Uhuru and other African heads of states signed the declaration at the the 28th African Union Summit in Addis Ababa on Tuesday.

It has 10 commitments, including increasing vaccine-related funding, strengthening supply chains and delivery systems, and making universal access to vaccines part of development plans like Vision 2030.

“Vaccines are among the most effective public health tools available,” said Dr Matshidiso Moeti, World Health Organisation regional director for Africa.

“When children are given a healthy start, communities thrive and economies grow stronger. This show of support from Heads of State is a significant step forward in our efforts to achieve universal access to immunisation and, ultimately, improve child health and drive sustainable development across Africa.”

The Declaration on Universal Access to Immunisation in Africa, encompasses the Addis Declaration on Immunisation, which was signed by Health ministers in February last year.

Africa has the lowest level of immunisation coverage in the world, with more than half of the world’s unimmunised infants located in five African countries.

Currently, Gavi helps Kenya procure its vaccines through a co-financing model, where Kenya pays for 10 per cent of its entire vaccine budget, about Sh400 million, while Gavi pays the other 90 per cent, around Sh3.97 billion, every year.

Kenya is at least 24 Gavi-eligible countries that are slated to transition out of Gavi support, meaning governments will need to be able to fully fund their immunisation programmes.

“We know that universal access to immunisation is achievable,” noted outgoing African Union Commission chairperson Nkosazana Dlamini-Zuma. “With political support at the highest levels, we are closer than ever to ensuring that all children in Africa have an equal shot at a healthy and productive life.”

The Addis Declaration on Immunisation calls for countries to increase political and financial investments in their immunisation programmes.

“As long as even one child in Africa lacks access to immunisation, our work remains unfinished,” said Dr Ala Alwan, WHO regional director for the Eastern Mediterranean. “With the right mix of political will, financial resources and technical acumen, Africa can – and will – stem the tide of vaccine-preventable diseases across the continent.”

The Addis Declaration on Immunisation was signed by Ministers of Health and other line ministers at the Ministerial Conference on Immunization in Africa (MCIA) in February 2016 in Addis Ababa.

MCIA was the first-ever ministerial-level gathering with a singular focus on ensuring that children across the continent can access life-saving vaccines.
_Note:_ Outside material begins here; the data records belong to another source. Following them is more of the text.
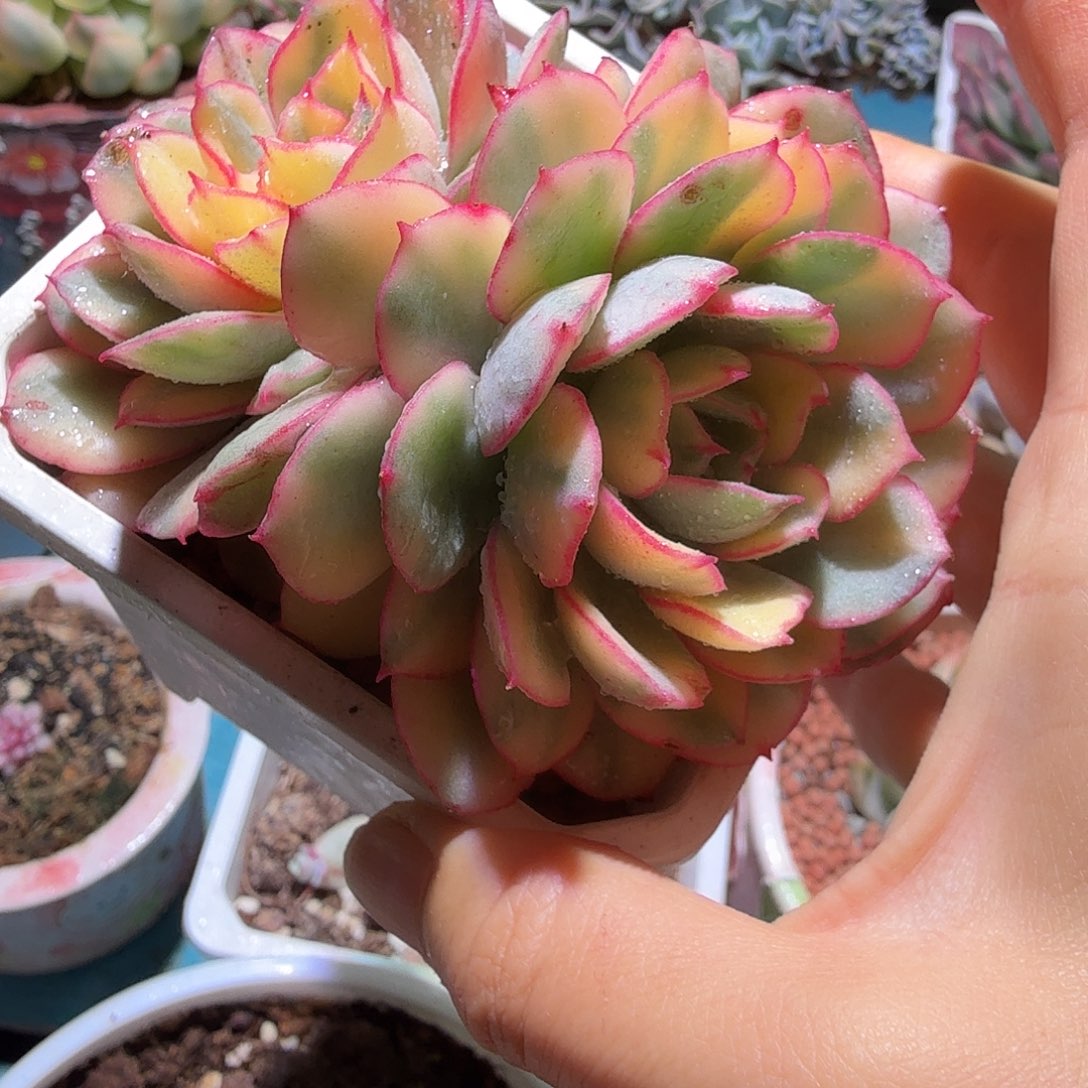 般若锦底座多肉植物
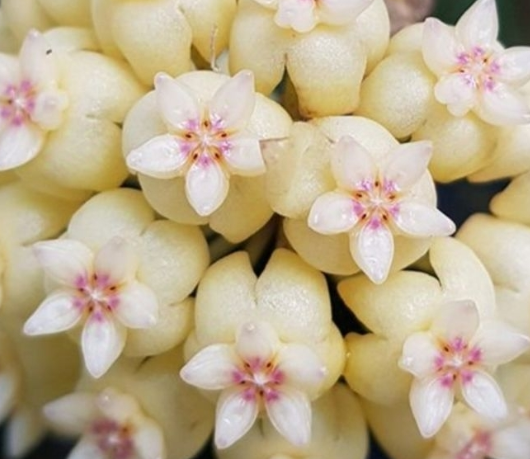 Hoya Vitellinoides 10 Pieces Seeds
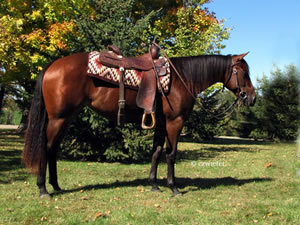 2008 Dark Bay Mare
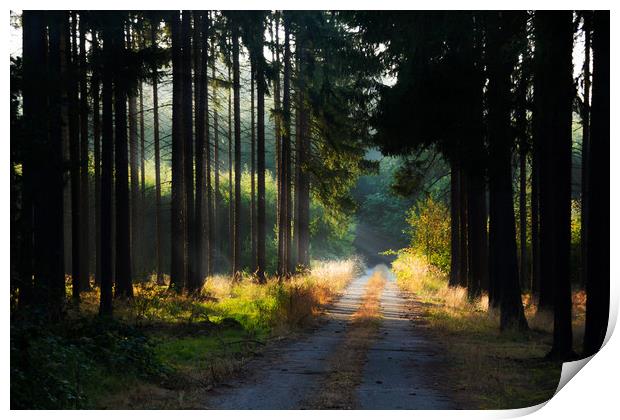 Road in morning forest. Print by Sergey Fedoskin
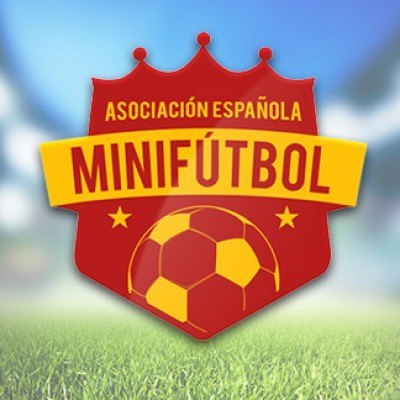 Asociacion Española de Mini Fútbol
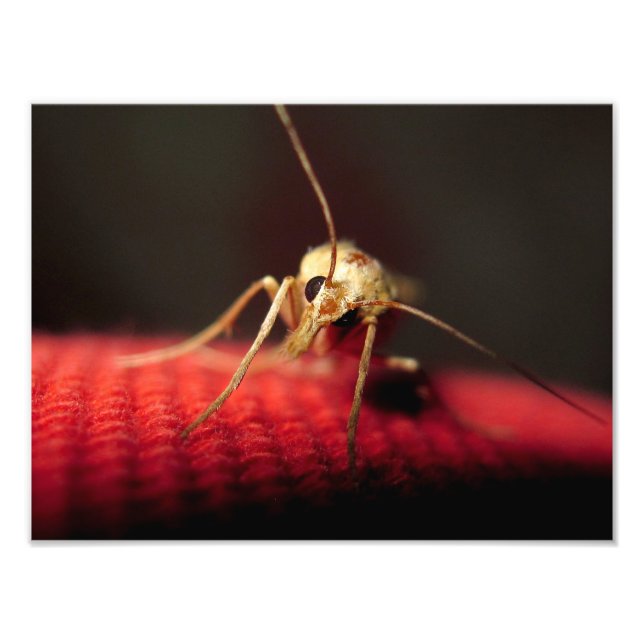 Schmetterling Fotodruck (Vorne)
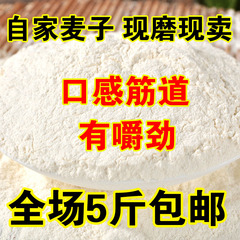 农家现磨高筋面粉 面包粉 麦心粉  披萨粉 烘培专用粉250克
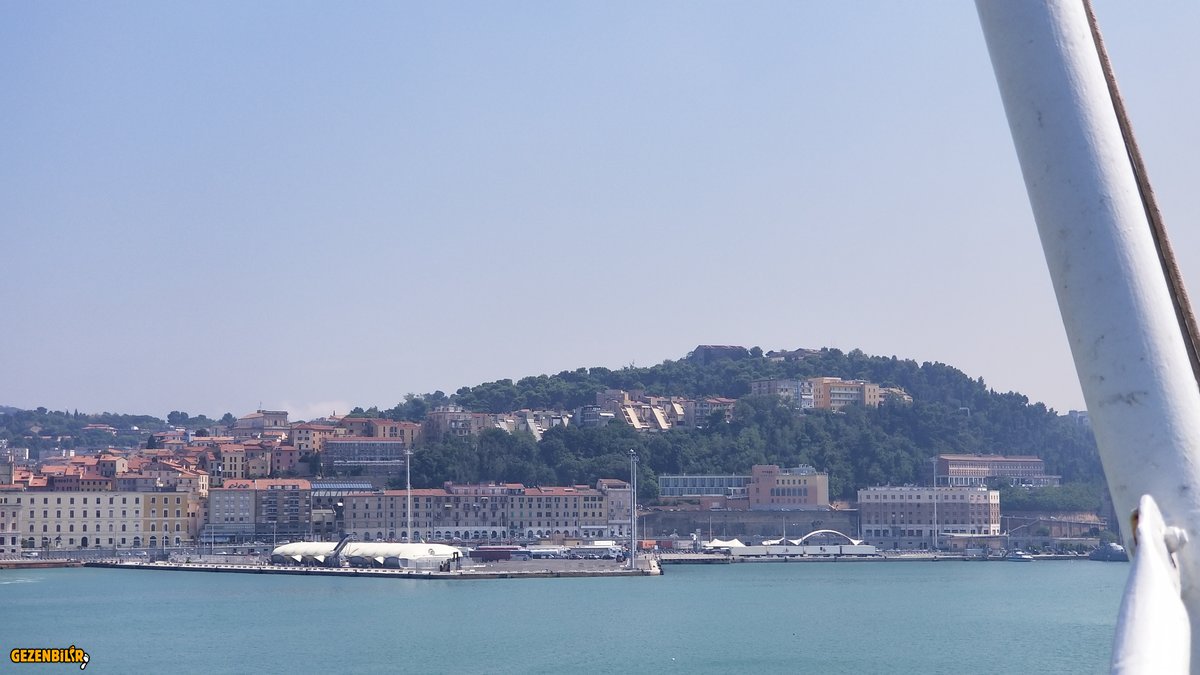 20190827_153502.jpg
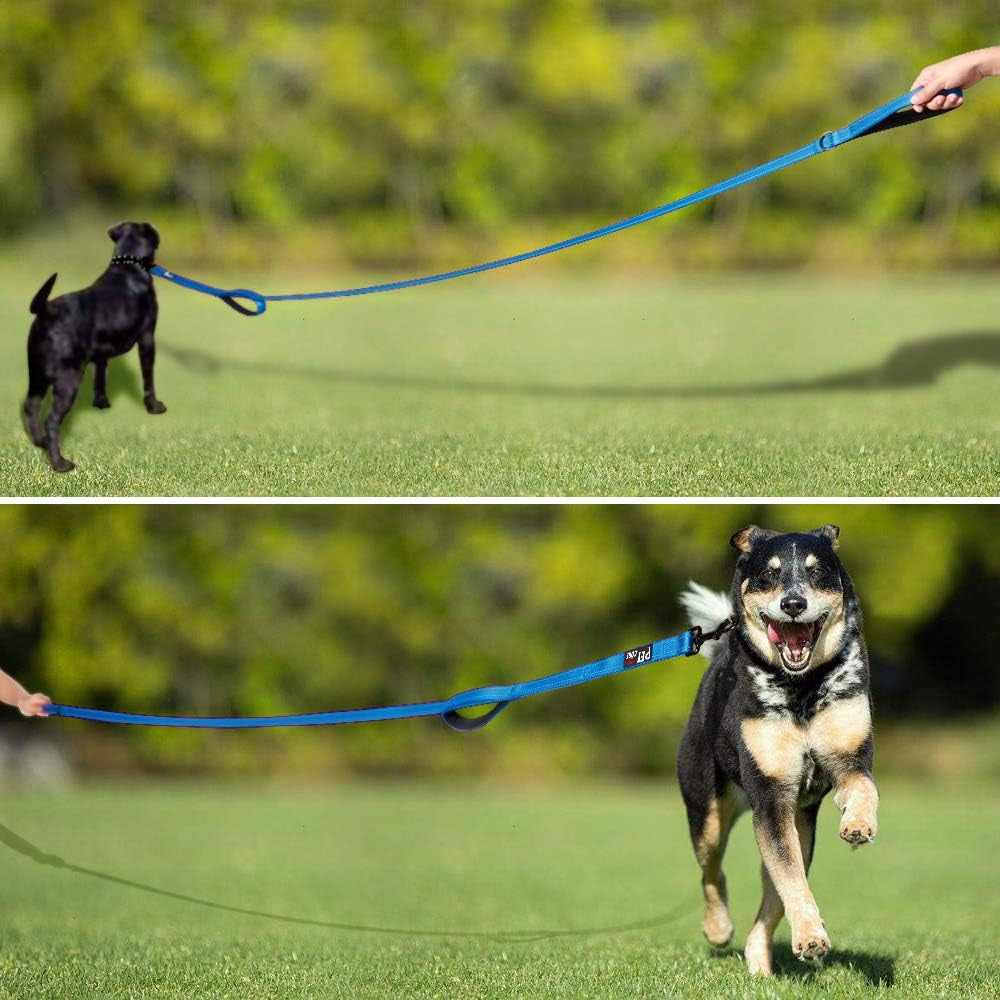 6Ft Heavy Duty Dog Leash with Padded Traffic Handles, Reflective Design for Enhanced Control and Safety Training, Ideal for Large and Medium Dogs (Light Blue)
To guide the implementation of the ADI, a roadmap is being developed in close collaboration with the WHO offices in the African Region and Eastern Mediterranean Region, the African Union Commission and immunization partners.

“African leaders are showing outstanding leadership by endorsing this landmark commitment which will allow more African children to be reached with life-saving vaccines no matter where they live,” said Dr Ngozi Okonjo-Iweala, Chair of Gavi, the Vaccine Alliance board.